▶ WHAT TO PRODUCE
Check every line below, and copy those that include "with".

---------- LISTED RECORDS

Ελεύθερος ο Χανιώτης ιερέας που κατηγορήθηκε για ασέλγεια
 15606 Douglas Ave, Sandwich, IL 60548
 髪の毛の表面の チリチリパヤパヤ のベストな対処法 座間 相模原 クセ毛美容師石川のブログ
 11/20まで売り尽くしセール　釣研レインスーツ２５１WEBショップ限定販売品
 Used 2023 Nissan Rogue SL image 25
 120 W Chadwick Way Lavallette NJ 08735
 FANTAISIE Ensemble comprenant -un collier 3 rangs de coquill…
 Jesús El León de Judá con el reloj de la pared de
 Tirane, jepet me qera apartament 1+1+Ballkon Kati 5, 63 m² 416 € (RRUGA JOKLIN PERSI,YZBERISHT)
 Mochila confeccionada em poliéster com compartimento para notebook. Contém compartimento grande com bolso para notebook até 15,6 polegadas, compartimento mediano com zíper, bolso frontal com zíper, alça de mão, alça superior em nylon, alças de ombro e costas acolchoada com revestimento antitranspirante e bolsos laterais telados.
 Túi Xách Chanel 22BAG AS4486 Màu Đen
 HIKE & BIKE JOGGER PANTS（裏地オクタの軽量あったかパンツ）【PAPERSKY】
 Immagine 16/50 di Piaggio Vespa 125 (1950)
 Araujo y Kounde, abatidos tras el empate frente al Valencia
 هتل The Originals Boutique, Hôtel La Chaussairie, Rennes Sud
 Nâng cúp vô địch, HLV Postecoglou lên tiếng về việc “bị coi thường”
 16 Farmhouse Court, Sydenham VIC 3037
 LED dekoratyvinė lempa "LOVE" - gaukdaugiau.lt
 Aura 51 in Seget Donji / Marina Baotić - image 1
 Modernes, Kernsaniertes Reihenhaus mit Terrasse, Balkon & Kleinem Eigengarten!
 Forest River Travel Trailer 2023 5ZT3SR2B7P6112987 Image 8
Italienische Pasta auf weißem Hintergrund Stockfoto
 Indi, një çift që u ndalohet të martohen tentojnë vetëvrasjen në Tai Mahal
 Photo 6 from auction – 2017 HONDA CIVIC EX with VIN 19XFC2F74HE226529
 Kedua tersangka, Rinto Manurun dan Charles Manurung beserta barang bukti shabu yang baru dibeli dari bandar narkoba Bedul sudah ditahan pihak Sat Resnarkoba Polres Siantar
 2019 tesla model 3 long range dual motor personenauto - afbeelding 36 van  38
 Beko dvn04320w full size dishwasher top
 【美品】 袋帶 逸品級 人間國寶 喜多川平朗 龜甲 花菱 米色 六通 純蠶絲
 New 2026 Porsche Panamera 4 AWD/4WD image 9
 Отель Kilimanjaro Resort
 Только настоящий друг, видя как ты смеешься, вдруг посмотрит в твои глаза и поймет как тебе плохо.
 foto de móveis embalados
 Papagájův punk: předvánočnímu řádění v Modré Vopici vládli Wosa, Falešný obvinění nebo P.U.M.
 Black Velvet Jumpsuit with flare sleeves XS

--------------------

▶ ANSWER
 Photo 6 from auction – 2017 HONDA CIVIC EX with VIN 19XFC2F74HE226529
 Black Velvet Jumpsuit with flare sleeves XS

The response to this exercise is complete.